La quatrième alliance de dame Marguerite (Carl Theodor Dreyer, 1920)

Au XVIème siècle, pour obtenir une paroisse, un candidat au pastorat récemment fiancé doit épouser la veuve du pasteur, vieille dame qui a usé trois maris…

Un petit chef d’œuvre d’équilibre où la drôlerie n’a d’égale que la tendresse, la sophistication plastique n’a d’égale que la vitalité des comédiens, la beauté des jardins ensoleillés n’a d’égale que celle des visages et le sentiment de plénitude provoqué par la conclusion n’a d’égal que le mystère et la subtilité du déroulement. La quatrième alliance de dame Marguerite est peut-être le film le plus attachant de Dreyer.

 

Crépuscule de gloire (The last command, Josef Von Sternberg, 1928)

Un général russe déchu par la Révolution devient figurant à Hollywood…

Les grandioses images du train plongeant dans le lac glacé sous le regard de Emil Jannings matérialisent somptueusement le drame puissant qui se jouait derrière la reconstitution hollywoodienne de la Révolution russe. La dernière partie qui montre la vérité des émotions au service de et à travers l’artifice est stupéfiante d’intelligence du septième art. Après avoir dérangé par sa lourdeur, le jeu très expressif de Emil Jannings se révèle idéal pour incarner tous les aspects -sociaux, moraux, physiques- de la pathétique déchéance d’un homme qui est au fond le sujet de ce grand film.

711 Ocean Drive (Joseph M.Newman, 1950)

En Californie, un technicien des P.T.T est engagé par une organisation de bookmakers et en devient le chef.

Une réussite du film noir. Lorsqu’il filme l’hubris de son héros, Joseph M.Newman n’a certes pas la profondeur politique d’un Losey ni la puissance tragique d’un Walsh mais il met en scène le scénario qui lui est confié avec goût et concision. L’ancrage technique et documentaire du drame ainsi que la présence de Joanne Dru sont des atouts de taille.
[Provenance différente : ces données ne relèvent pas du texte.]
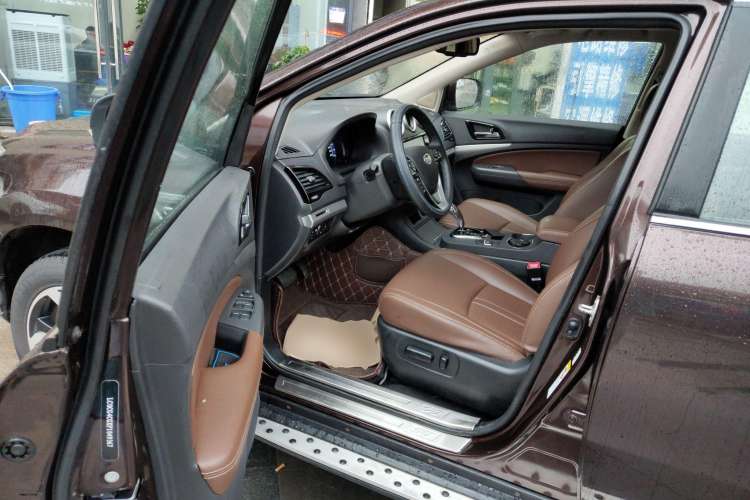 Used BYD S7 2015 2.0T Upgraded Automatic Luxury Version Driver Seat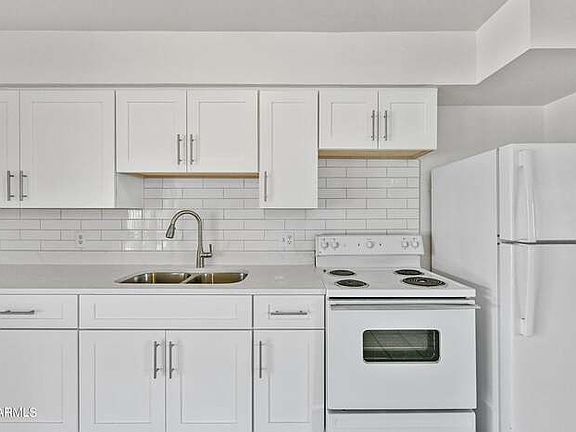 5th image of 6938 W Campbell Ave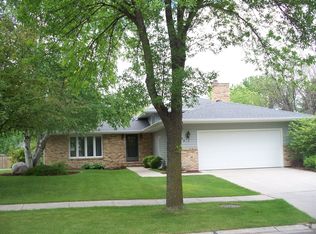 3562 Longfellow Rd N, Fargo, ND 58102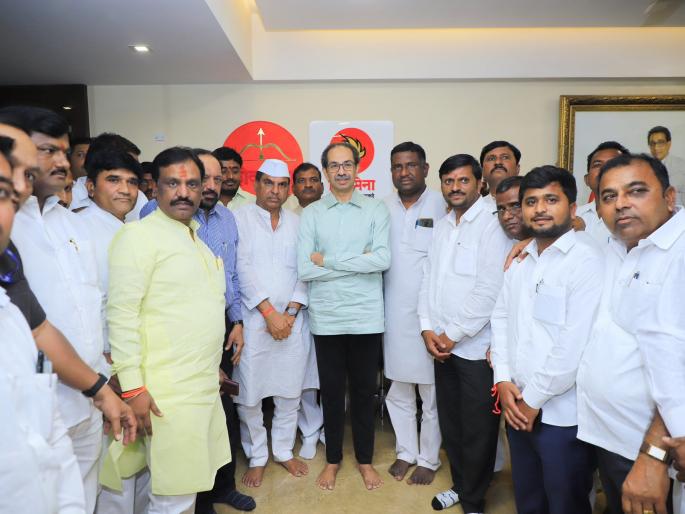 Former NCP MLA in Thackeray group; Shivbandhan in the hands of Bhausaheb Patil Chichtgaonkar | राष्ट्रवादीचे माजी आमदार ठाकरे गटात; भाऊसाहेब पाटील चिकटगावकरांच्या हाती शिवबंधन Former NCP MLA in Thackeray group; Shivbandhan in the hands of Bhausaheb Patil Chichtgaonkar | राष्ट्रवादीचे माजी आमदार ठाकरे गटात; भाऊसाहेब पाटील चिकटगावकरांच्या हाती शिवबंधन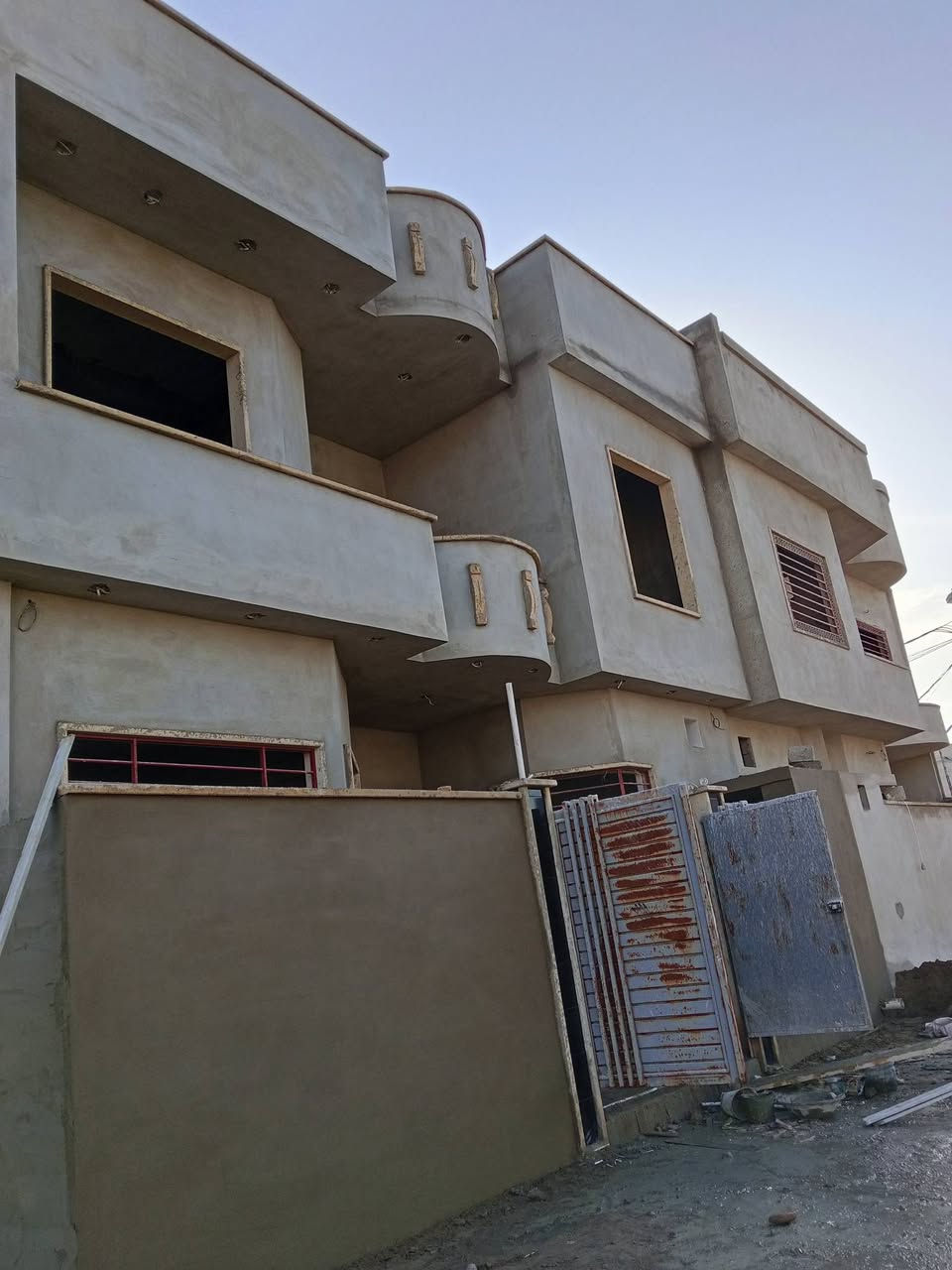كادر لبخ سمنت شغل شرط هندسه من الموصل نعمل في تكريت والمناطق القريب
لبخ سقل 3500
كف مالج 2000
تصفير حائط 5000 
نثر 1500 
***********@

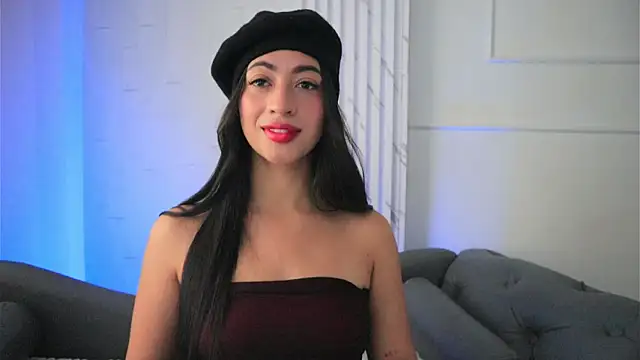 charlotterusso online show from November 19, 12:49 pm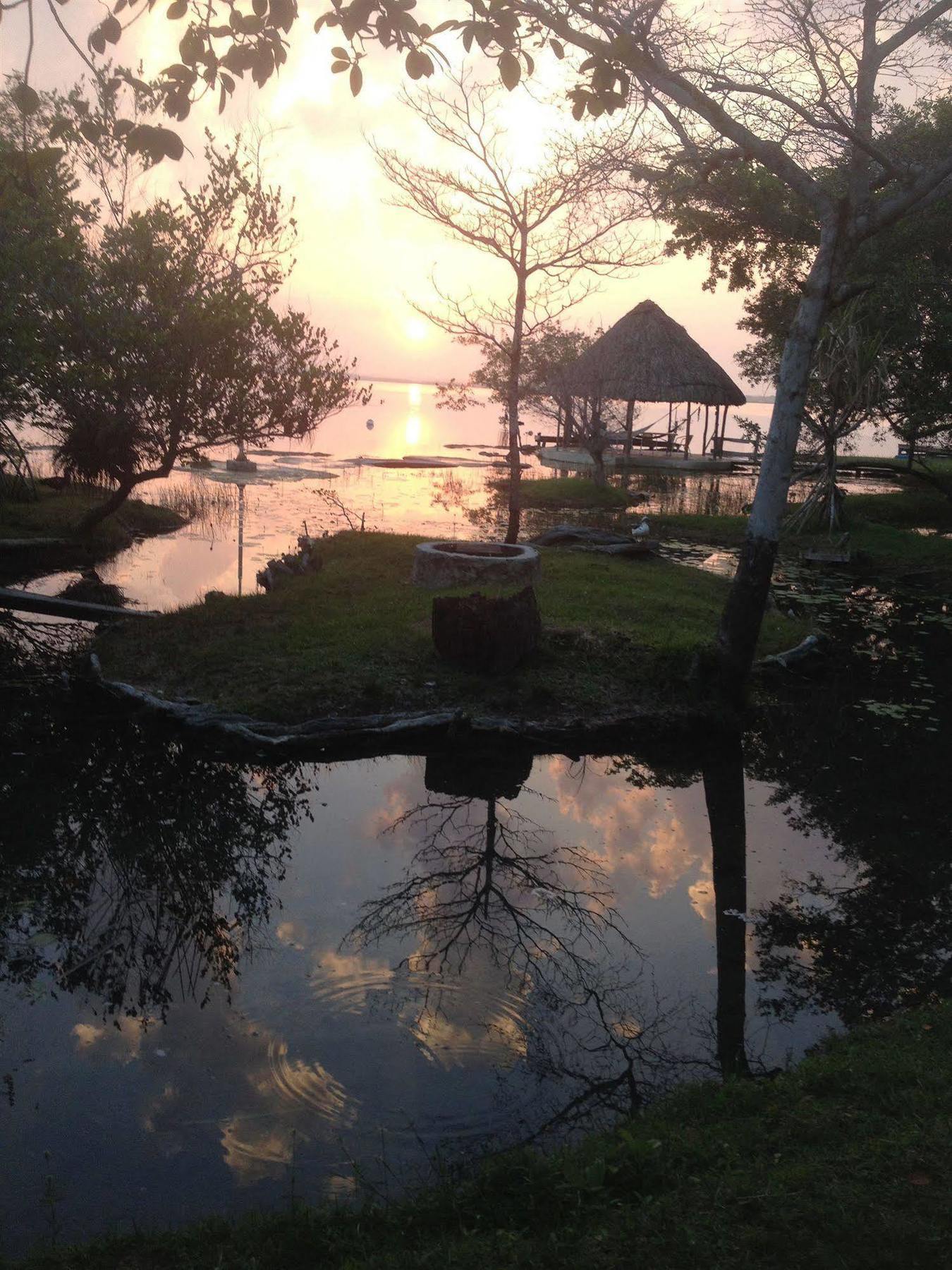 Casa Caracol Hotel Bacalar Bagian luar foto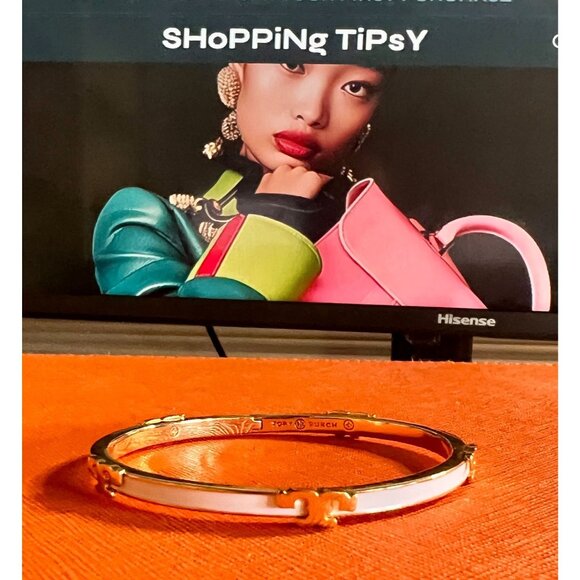 NEW! Tory Burch White and Gold Enamel Serif Bangle Bracelet - Picture 4 of 4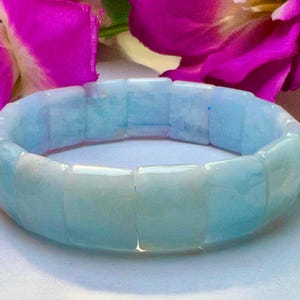 Op de afbeelding: Een lichtblauwe aquamarijn armband met rechthoekige kralen. De armband is gemaakt van natuurlijke stenen en is een mooi en uniek sieraad.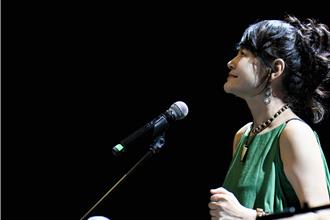 金曲歌后、国宝级诗人揪上百名女性合作曝生命史之美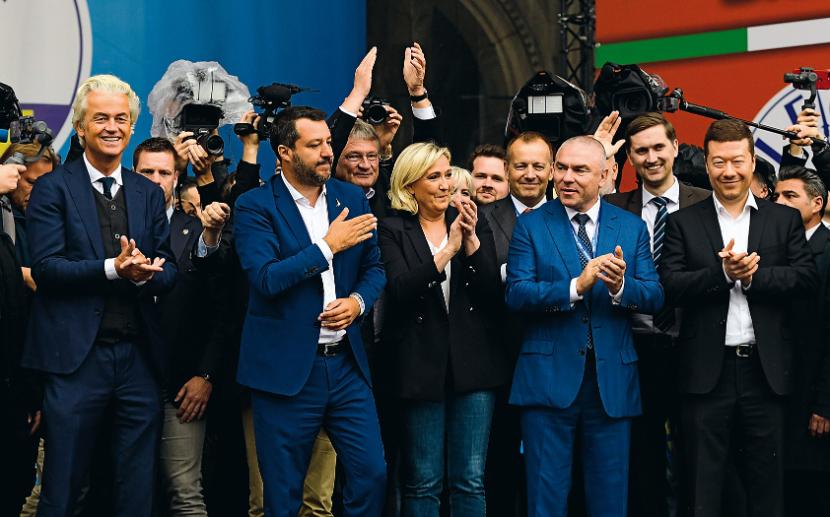 Sojusz? Są już! Od lewej: Geert Wilders (Partia Wolności, Holandia), Matteo Salvini (Liga, Włochy), Marine Le Pen (Zjednoczenie Narodowe, Francja), Weselin Mareszki (Wola, Bułgaria), Jaak Madison (Estońska Konserwatywna Partia Ludowa) i Tomio Okamura (Wolność i Demokracja Bezpośrednia, Czechy).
Crime d’amour (Alain Corneau, 2010)

Dans la filiale française d’une multinationale, une jeune cadre consent de moins en moins à ce que les fruits de son travail soient récoltés par sa directrice.

Le dernier film de Alain Corneau est déséquilibré, bancal, inégal, mais intéressant à bien des égards. Son principal problème est d’ordre narratif: le lien entre la première partie, où est finement dramatisée l’ambiguïté des rapports de pouvoir en entreprise, et la deuxième partie, sorte d’Invraisemblable vérité à l’envers prenante et bien fichue, manque de crédibilité. La platitude de la forme (photographie aussi nulle que la musique) et Ludivine Sagnier, que j’ai beaucoup aimée chez Ozon mais dont les limites sont ici flagrantes, n’aident pas à rendre sensible ce basculement entre l’ambition carriériste et la froide folie.